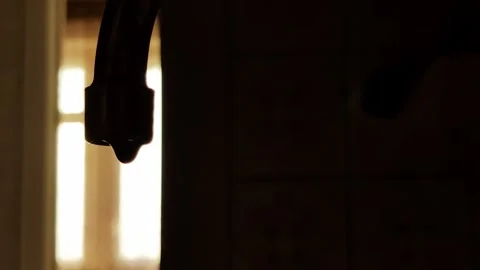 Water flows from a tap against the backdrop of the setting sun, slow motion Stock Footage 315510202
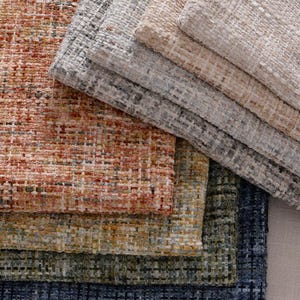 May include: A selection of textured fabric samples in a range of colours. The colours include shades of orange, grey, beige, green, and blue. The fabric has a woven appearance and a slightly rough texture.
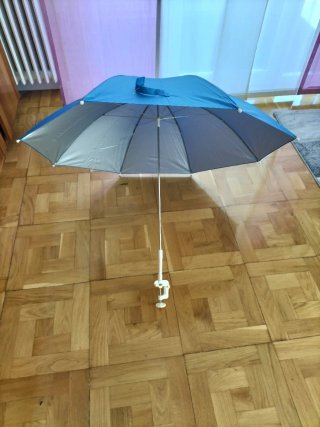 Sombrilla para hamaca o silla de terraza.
========================================================================
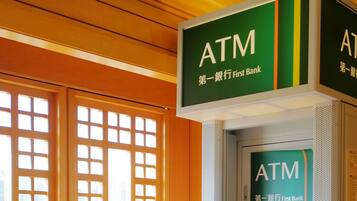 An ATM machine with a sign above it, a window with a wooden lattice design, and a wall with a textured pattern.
========================================================================
# Work to complete
Output should consist of the lines above from the one with "May include: A" down to the one with "Sombrilla para hamaca o silla de terraza.", exact and without pictures.

# Reply
 May include: A selection of textured fabric samples in a range of colours. The colours include shades of orange, grey, beige, green, and blue. The fabric has a woven appearance and a slightly rough texture.
 Sombrilla para hamaca o silla de terraza.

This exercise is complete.